Он поднимает тонкую руку торжественно, будто читает лекцию с кафедры, а не сидит на ковре перед камином у меня на Бассейной.
– По Платону, любовь одна из трех главных напастей, посылаемых богами смертным, – продолжает он, – и хотя я и не согласен с Платоном, но и я сам чуть не умер от любви, и для меня самого любовь была напастью, едва не приведшей меня к смерти.
О
– В предпоследний раз я сделал ей предложение, заехав к ней по дороге в Париж. Это был для меня вопрос жизни и смерти. Она отказала мне. Решительно и бесповоротно. Мне оставалось только умереть.
И вот, приехав в Париж, я в парке Бютт Шомон поздно вечером вскрыл себе вену на руке. На самом краю пропасти. В расчете, что ночью, при малейшем движении, я не смогу не свалиться в пропасть. А там и костей не сосчитать…
Но видно, мой ангел-хранитель спас меня, не дал мне упасть. Я проснулся утром, обессиленный потерей крови, но невредимый, на краю пропасти. И я понял, что Бог не желает моей смерти. И никогда больше не покушался на самоубийство.
Рассказ этот, слышанный мной неоднократно, всегда волновал меня. Гумилев так подробно описывал парк и страшную скалу над еще более страшной пропастью и свои мучительные предсмертные переживания, что мне и в голову не приходило не верить ему.
Только попав в Париж и отправившись, в память Гумилева, в парк Бютт Шомон на место его «чудесного спасения», я увидела, что попытка самоубийства – если действительно она существовала – не могла произойти так, как он ее мне описывал: до скал невозможно добраться, что ясно каждому, побывавшему в Бютт Шомон.
Гумилев, вспоминая свое прошлое, очень увлекался и каждый раз украшал его все новыми и новыми подробностями. Чем, кстати, его рассказы сильно отличались от рассказов Андрея Белого, тоже большого любителя «погружаться в свое прошлое».
Андрей Белый не менял в своих рассказах ни слова и даже делал паузы и повышал или понижал голос на тех же фразах, будто не рассказывал, а читал страницу за страницей, отпечатанные в его памяти.
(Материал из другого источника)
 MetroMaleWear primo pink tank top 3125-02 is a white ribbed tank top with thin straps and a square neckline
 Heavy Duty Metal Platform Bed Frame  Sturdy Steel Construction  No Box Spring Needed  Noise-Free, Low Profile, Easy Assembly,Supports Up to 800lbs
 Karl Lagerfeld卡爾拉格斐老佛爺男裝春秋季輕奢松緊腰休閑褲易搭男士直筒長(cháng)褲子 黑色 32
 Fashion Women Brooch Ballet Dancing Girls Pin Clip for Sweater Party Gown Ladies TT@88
Гумилев же импровизировал, красноречиво и вдохновенно, передавая свои воспоминания в различных версиях. Если я робко решалась указать ему на несовпадение некоторых фактов, он удивленно спрашивал:
– А разве я прошлый раз вам иначе рассказывал? Значит, забыл. Спутал. И к тому же, как правильно сказал Толстой, я не попугай, чтобы всегда повторять одно и то же. А вам, если вы не умеете слушать и наводите критику, я больше ничего рассказывать не буду, – притворно сердито заканчивал он.
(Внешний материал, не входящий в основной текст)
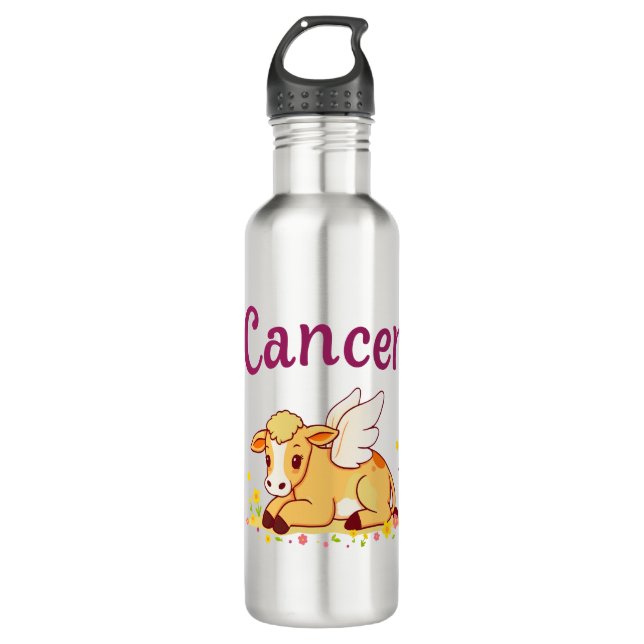Cancer Zodiac Cow , Cute Cancer 710 Ml Water Bottle (Front)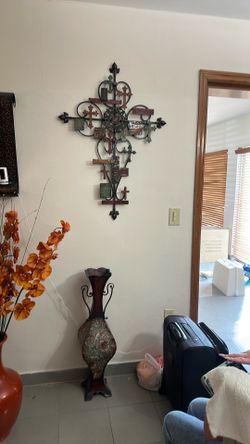 Wall clock ,Candle holders, wall decorative cross, floor vase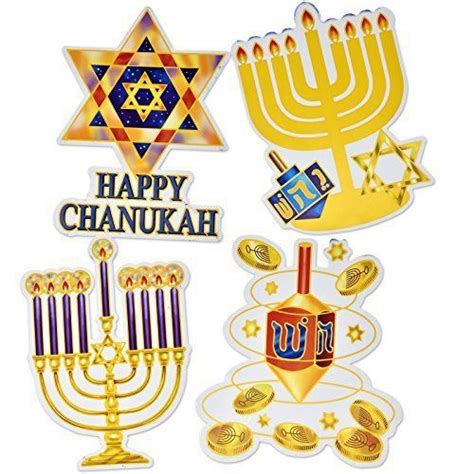 Hanukkah Window Clings Decorations Menorah Star Of David Happy Chanukah ...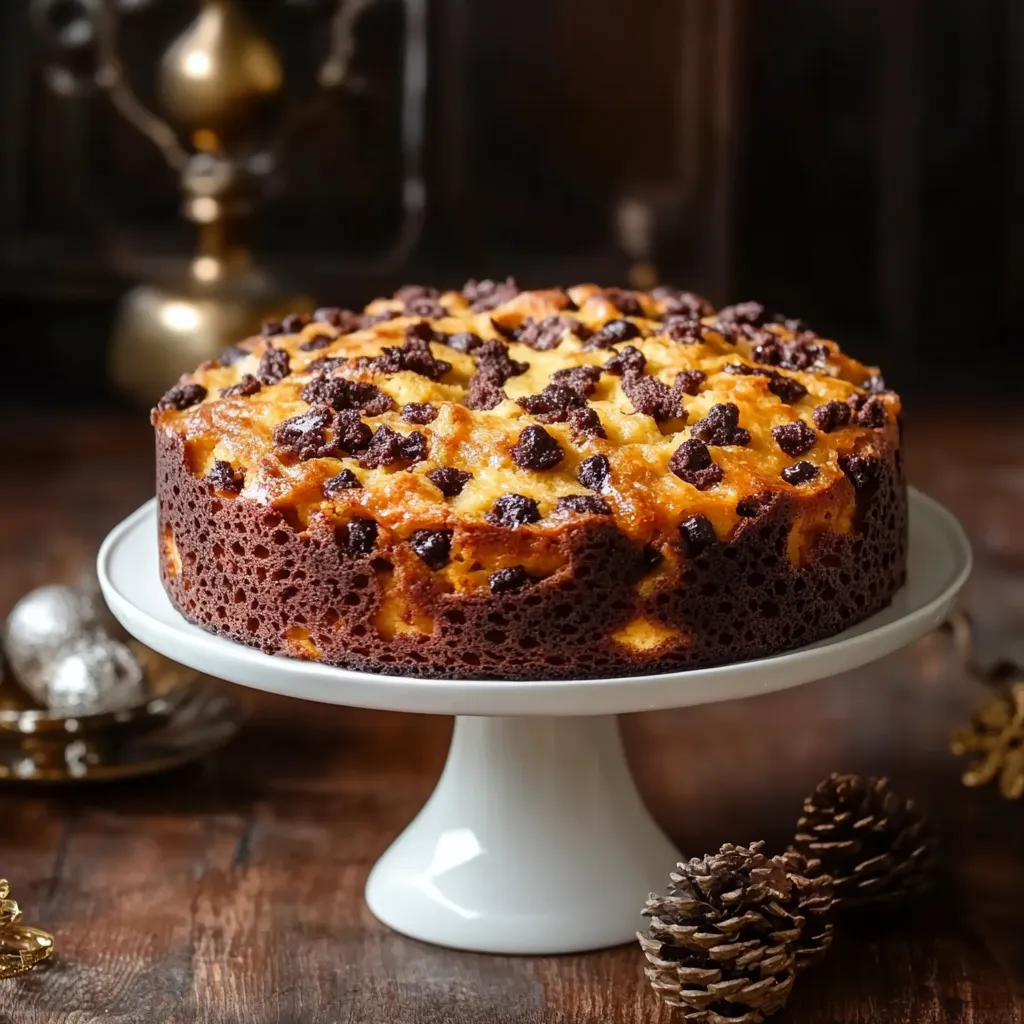 Un cake con frullato di cioccolato e panna.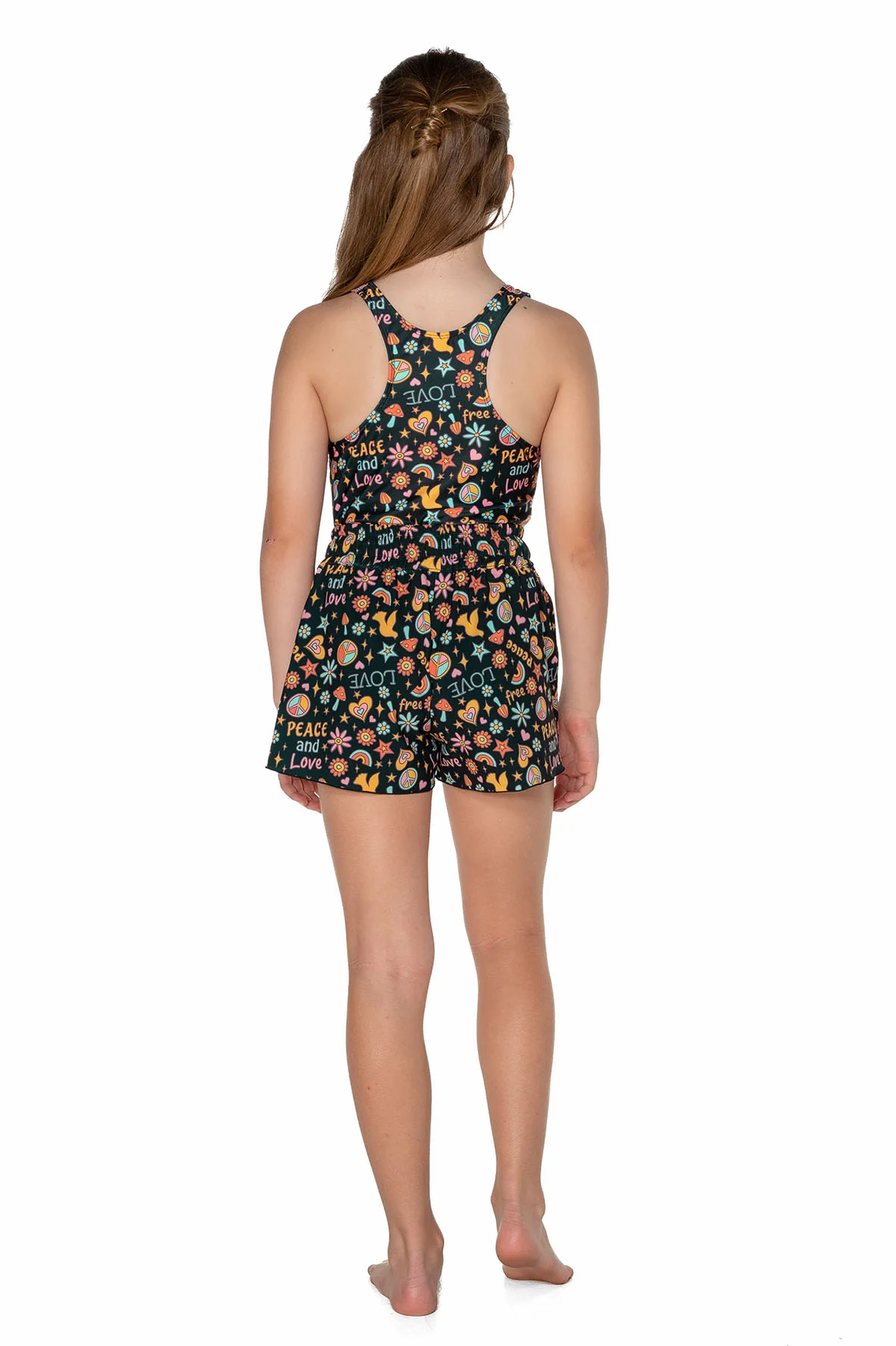 Peace, Love & Happiness Board Shorts with Tie (Lola) - Image 2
Но видя, что, поверив его угрозе, я начинаю моргать от огорчения, уже со смехом:
– Что вы, право! Шуток не понимаете? Не понимаете, что мне рассказывать хочется не меньше, чем вам меня слушать? Вот подождите, пройдет несколько лет, и вы сможете написать ваши собственные «Разговоры Гете с Эккерманом».
Да, действительно, я могла бы, как Эккерман, написать мои «Разговоры с Гете», то есть с Гумилевым, «толщиною в настоящий том».
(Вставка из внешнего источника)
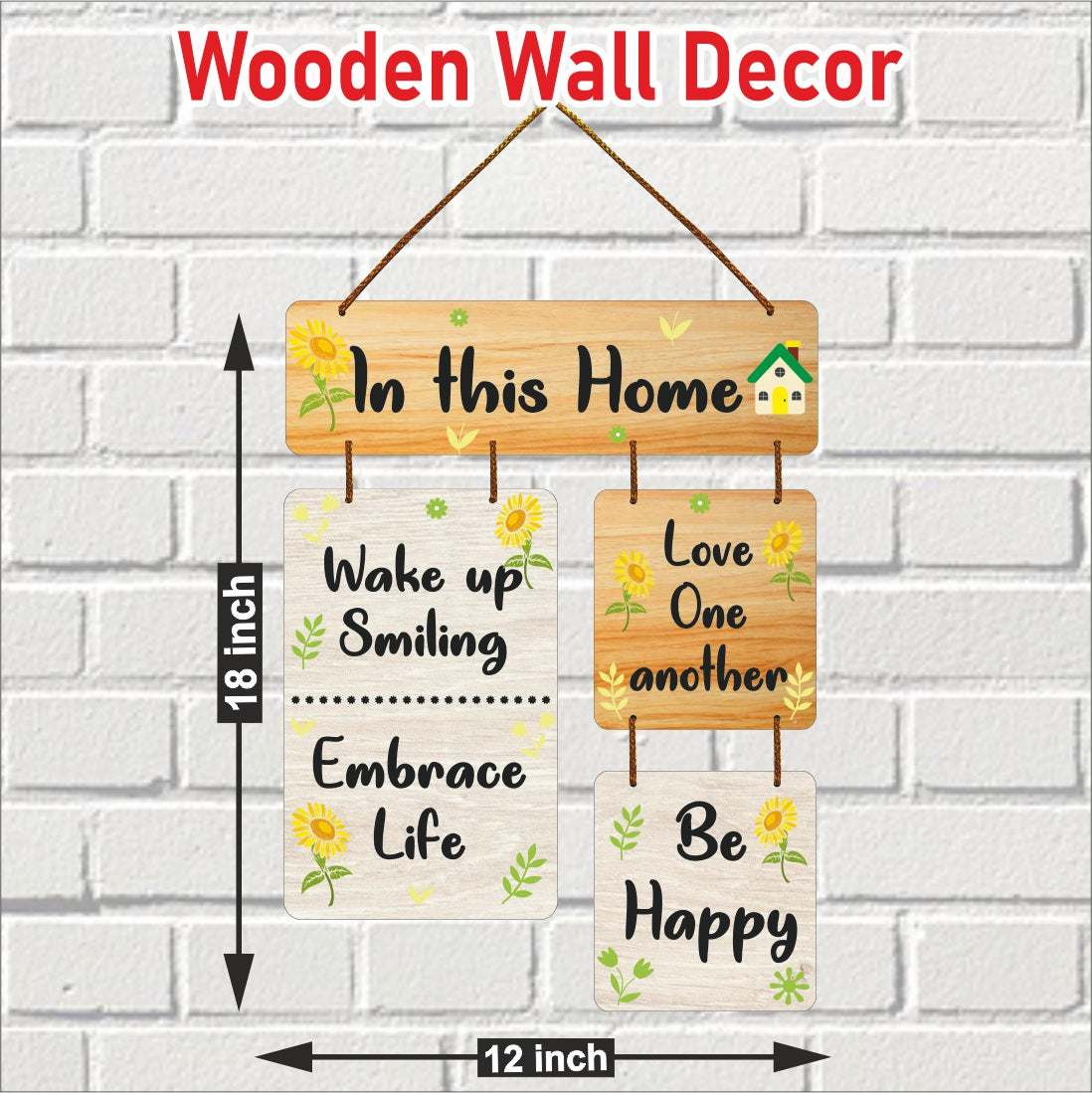 In This Home - Wall hanging Positive Affirmations wall Decor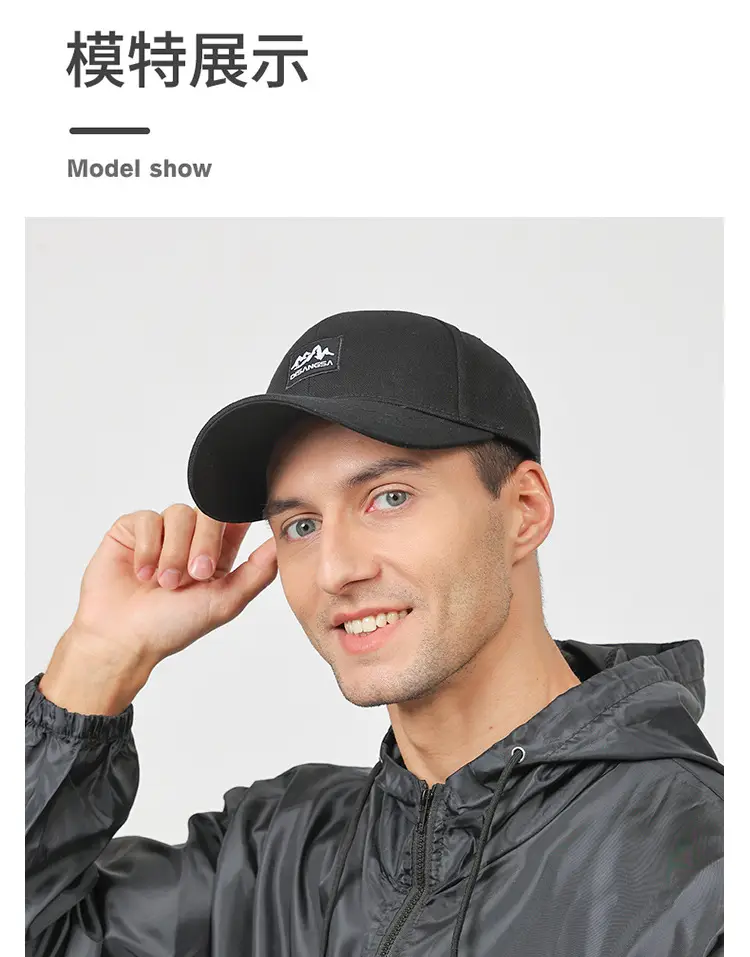 Men's Black Hooded Baseball Cap Outdoor Wear — feature 12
Их было множество, этих разговоров, и я их все бережно сохранила в памяти.
Ни одна моя встреча с Гумилевым не обходилась без того, чтобы он не высказал своего мнения о самых разнообразных предметах, своих взглядов на политику, религию, историю – на прошлое и будущее Вселенной, на жизнь и смерть и, конечно, на «самое важное дело жизни» – поэзию.
Мнения его иногда шли вразрез с общепринятыми и казались мне парадоксальными.